From: GBurch1@aol.com
Date: Sun Nov 07 1999 - 07:04:17 MST
In a message dated 99-11-06 13:19:17 EST, rowen@technologist.com (Robert
Owen) wrote:
> Some spontaneous thoughts on your lovely post, and especially on this
> passage.
>
> Huxlean "feelies"? Soylant-Green-Style autoeuthanasia? Can one distinguish
> the objet d'art and the artist? Why do I associate your expression with
> "onanism" when what initially caught my attention was the lucidity of your
> vision? Do you have in mind the projection of private fantasy into a
> synesthetic
> n-dimensional medium? "Where", "psychospatially", is the medium? What is
it
> --
> a sensorium of psychic aether, a hologram that exists only when it is
> perceived?
> How does this differ from the "virtual worlds" that emerge spontaneously
> during
> sensory deprivation, without the intervention of "computer-assisted
> perception"?
> Does this integration exclude a social audience? While one is absorbed in
> the
> evidently all-encompassing and engulfing aesthetique, is one technically
> under-
> going a transient dissociative state? Is the "artistic environment" an "
> alternate
> universe" -- c.f. lucid dreaming?
These are all good questions. In fact, they probably presage the outlines of
21st century art criticism well. Just as there have been spectra of quality
in the creation and appreciation of traditional media - what may come to be
called the "separate arts" (as a reference to the medium-imposed bright lines
between "painting" and "music" and "drama" we recognize now), so there will
be in the new art form(s) I envision.
You identify one of these spectra in your first question, with its reference
to "onanism". Just as the media of literature, painting, photography and
movies/video have given rise to a spectrum spanning pure pornography on the
one side, through "erotic art" to works with little or no sexual content, so
immersive, interactive computer-mediated art will likewise span a similar
spectrum. Similarly, the "separate arts" have given rise to a spectrum
spanning purely subjective works (with abstract expressionism perhaps the
purest example) on the one end, to "objective" works such as, for instance,
the overtly didactic painting of Enlightenment painters like David or the
modern "flat" journalistic style of photography and painting. One can see
another spectrum in the "publicness" or "privateness" of art in the
traditional "separate arts". On the one hand, one had the great "public"
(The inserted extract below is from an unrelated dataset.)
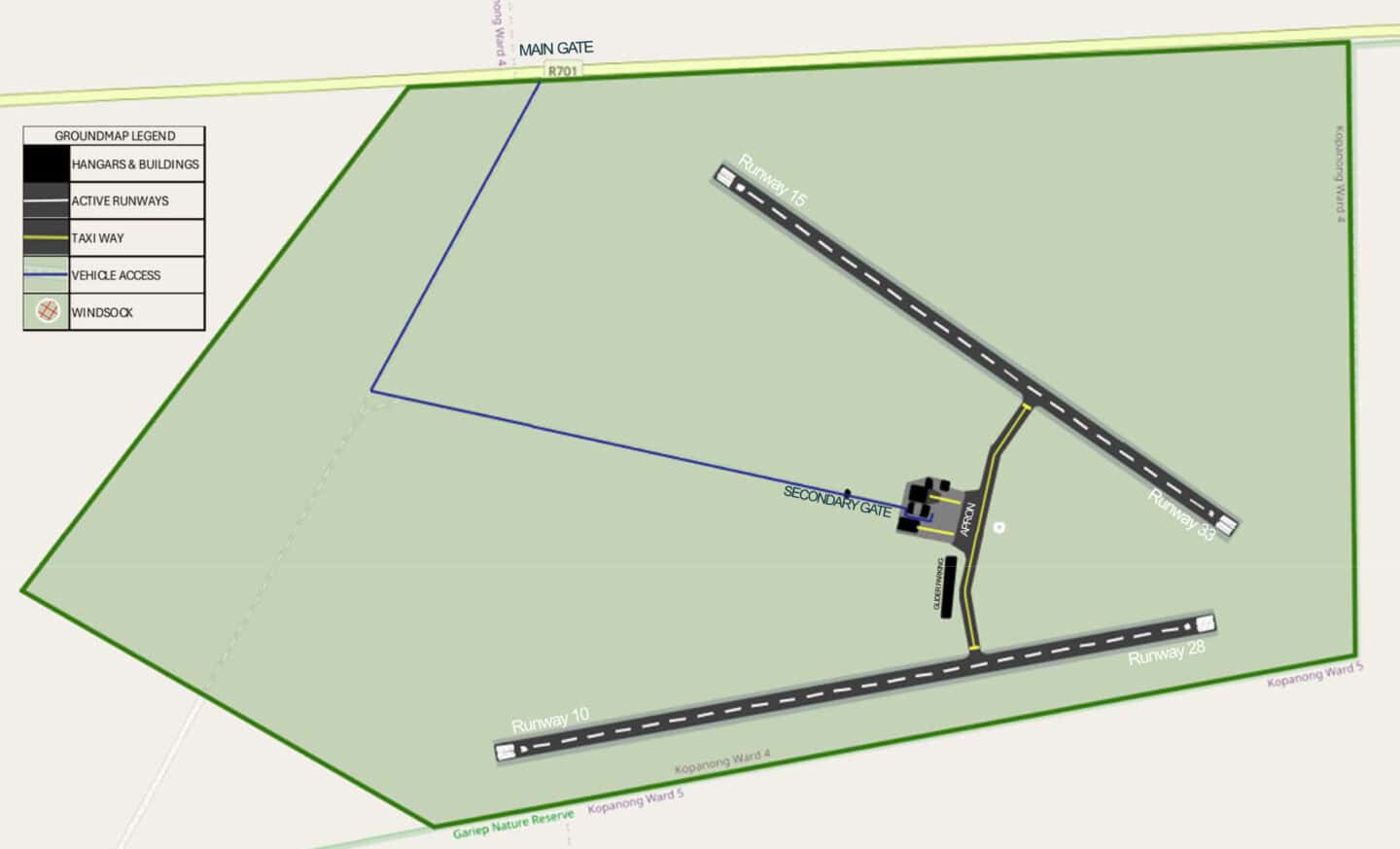 airport layout including runways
works of grand symphonic music, civic architecture, traditional works of
drama, and painting on the heroic scale of, again for instance, the great
works of the Enlightenment painters. On the other, one can see much more
"private" art in the form of small-scale painting and print-making,
craft-oriented forms such as "art pottery", traditional chamber music, and
the like.
Immersive virtual interactive art will span the same spectra, I imagine (and
will almost surely give rise to new ones we can't yet envision). These
spectra define a multi-dimensional "critical space" into which one can fit
the potentialities of interactive, immersive multi-media art. Thus one might
have purely subjective, totally onanistic and private works or experiences at
one "corner" of this space, and non-sexual, objective, public works at
another "corner" of this "critical space".
Another dimension in this critical space, "interactivity" is barely presaged
in some current media and art forms - I'm thinking of kinetic sculpture,
simulation games and, in the example you cite, perhaps the most fruitful
progenitor, improvisational music such as modern jazz and traditional Indian
music. Thus, I foresee at one end of the spectrum, purely "pre-programmed"
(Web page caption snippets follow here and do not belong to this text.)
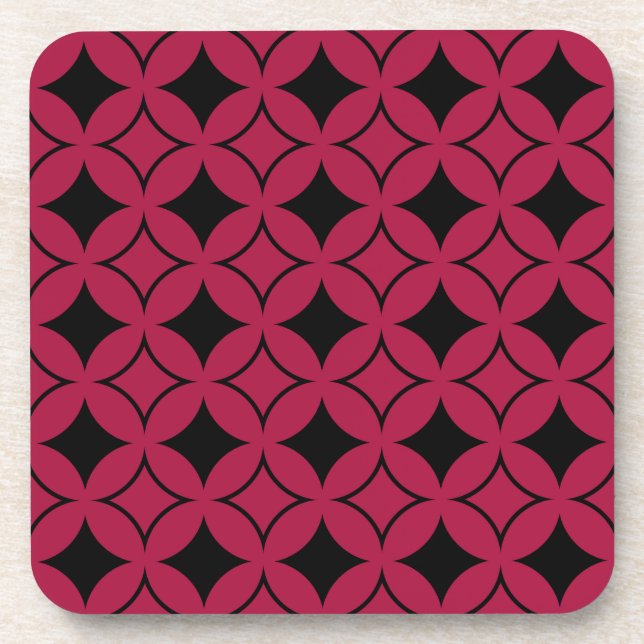 Red and black shippo coaster (Front)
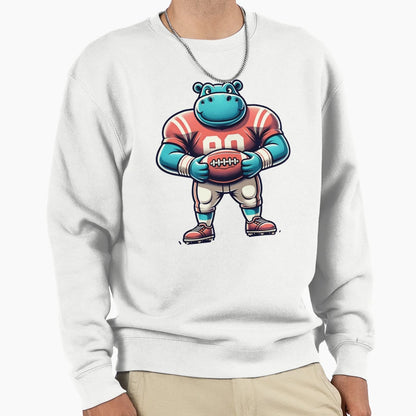 Surreal Gridiron Hippo Sweatshirt - Casual Everyday Wear for Adults - T-Shirt, Sweatshirt, Hoodie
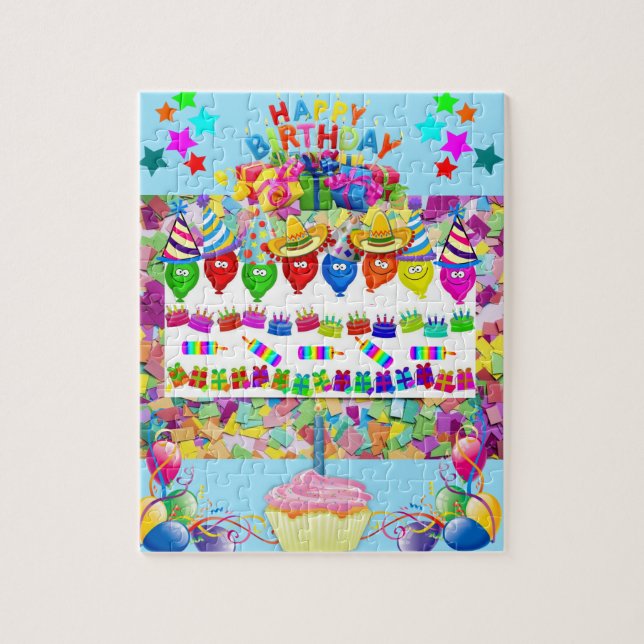 Puzzles Happy Birthday Balloons Cupcake (Vertikal)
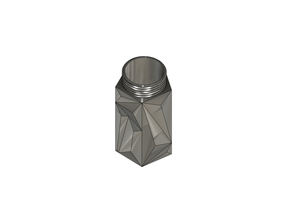 polygon capsule screw cap container keychain screwcap twist lock 3d print model - Mito3D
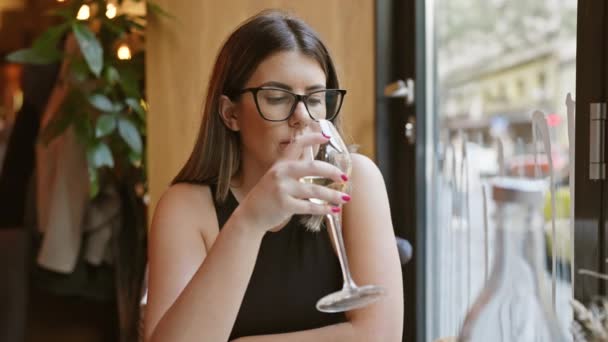 一位年轻女子坐在一家咖啡馆的室内 享受着一杯白葡萄酒 这表明她的生活方式是休闲雅致的 — 图库视频影像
immersive works in which there is a clear-cut distinction between audience
and "creator" (whether the latter is purely human or not, and whether the
"creator" is a lone individual or a collaborative enterprise between multiple
people and/or machines) and, at the other end of the spectrum, more
interactive "works", where there is no clear-cut separation between the
pre-determined art "object" and the resulting experience of the
participants/artists/audience. In this artistic world, our current
vocabulary distinguishing between creator and audience, instrument and
product, object and context will all be construed very differently.
[snip a nice description of the improvisational experience in jazz]
> Why the computer? Is it here a prosthetic device for the musically
> challenged
> or a nucleus for a qualitatively new form of aesthetic ___________?
Again, I think we are limited by our current vocabulary. I think "it" is
both of the things you suggest, and more. Just as our current distinction
between "computer" and "peripheral" is increasingly coming into question,
likewise, I think the distinctions between "medium", "instrument" and
"object" will be transcended and we will have to develop a wholly new
critical vocabulary. Notions such as "theme", "motif" and "dynamics" will
become paramount and, perhaps, critical concerns with media and
instrumentalities may come to be seen as quaint or very historically bound,
such as the conventions of mediaeval iconography now seem to us.
Greg Burch <GBurch1@aol.com>----<gburch@lockeliddell.com>
Attorney ::: Vice President, Extropy Institute ::: Wilderness Guide
http://users.aol.com/gburch1 -or- http://members.aol.com/gburch1
"Civilization is protest against nature;
progress requires us to take control of evolution."